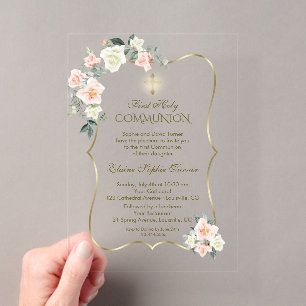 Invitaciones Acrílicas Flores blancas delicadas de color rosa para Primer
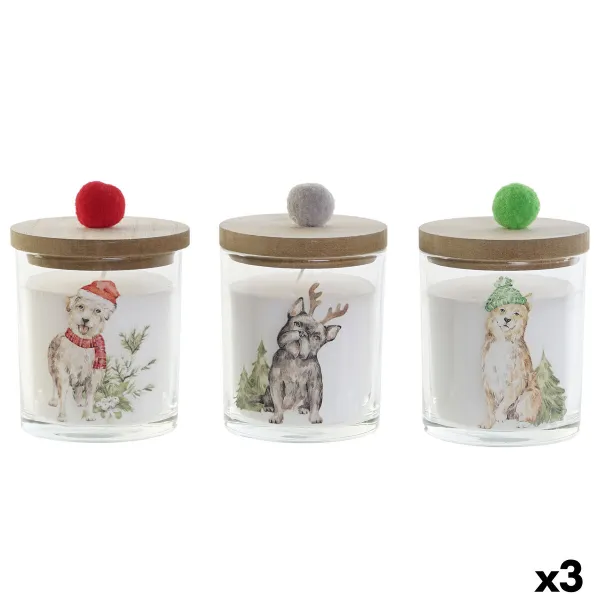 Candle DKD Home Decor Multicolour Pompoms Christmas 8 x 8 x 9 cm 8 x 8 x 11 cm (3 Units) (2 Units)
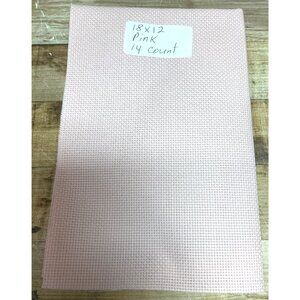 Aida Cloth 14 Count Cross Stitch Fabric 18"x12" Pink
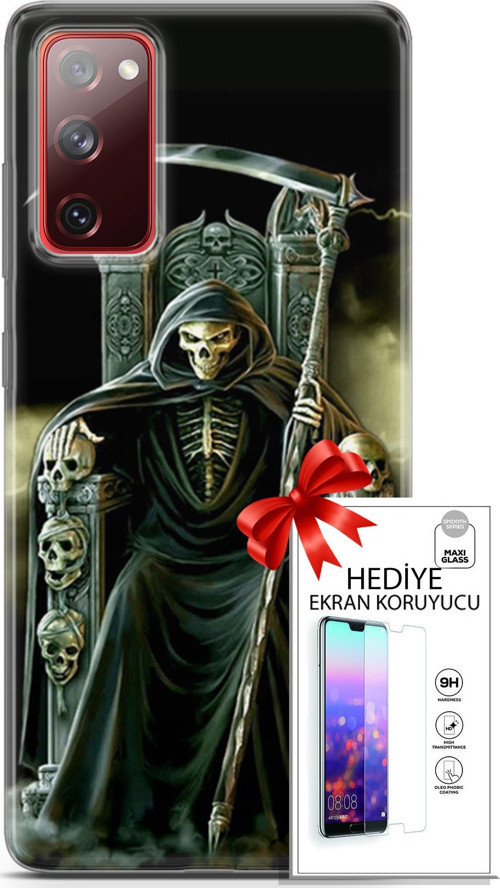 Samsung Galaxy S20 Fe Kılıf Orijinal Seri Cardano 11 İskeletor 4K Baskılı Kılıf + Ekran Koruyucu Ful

=-=-=

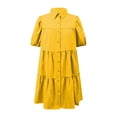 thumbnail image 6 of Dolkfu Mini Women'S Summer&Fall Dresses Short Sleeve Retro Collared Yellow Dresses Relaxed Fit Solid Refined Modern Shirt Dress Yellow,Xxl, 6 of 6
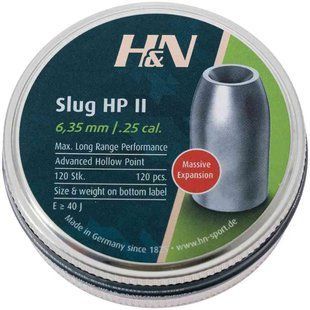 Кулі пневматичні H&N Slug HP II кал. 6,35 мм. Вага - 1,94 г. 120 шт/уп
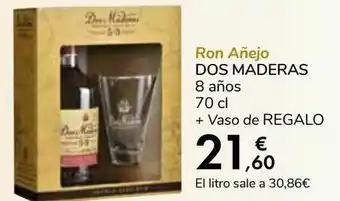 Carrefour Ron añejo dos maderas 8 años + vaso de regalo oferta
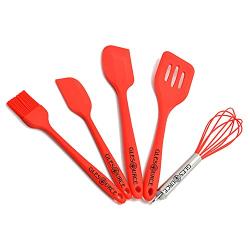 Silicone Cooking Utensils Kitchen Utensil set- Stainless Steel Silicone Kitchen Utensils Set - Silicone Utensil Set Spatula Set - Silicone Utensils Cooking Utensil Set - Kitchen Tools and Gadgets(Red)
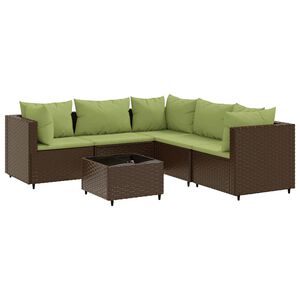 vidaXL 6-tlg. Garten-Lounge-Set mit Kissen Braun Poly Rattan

=-=-=

→ Instructions to follow: Within the listing above, print exactly the stretch beginning at the line that contains "thumbnail image 6" and finishing at the line that contains "vidaXL 6-tlg. Garten-Lounge-Set", ends kept, pictures left out, and nothing more.

→ Written reply:
 thumbnail image 6 of Dolkfu Mini Women'S Summer&Fall Dresses Short Sleeve Retro Collared Yellow Dresses Relaxed Fit Solid Refined Modern Shirt Dress Yellow,Xxl, 6 of 6
 Кулі пневматичні H&N Slug HP II кал. 6,35 мм. Вага - 1,94 г. 120 шт/уп
 Carrefour Ron añejo dos maderas 8 años + vaso de regalo oferta
 Silicone Cooking Utensils Kitchen Utensil set- Stainless Steel Silicone Kitchen Utensils Set - Silicone Utensil Set Spatula Set - Silicone Utensils Cooking Utensil Set - Kitchen Tools and Gadgets(Red)
 vidaXL 6-tlg. Garten-Lounge-Set mit Kissen Braun Poly Rattan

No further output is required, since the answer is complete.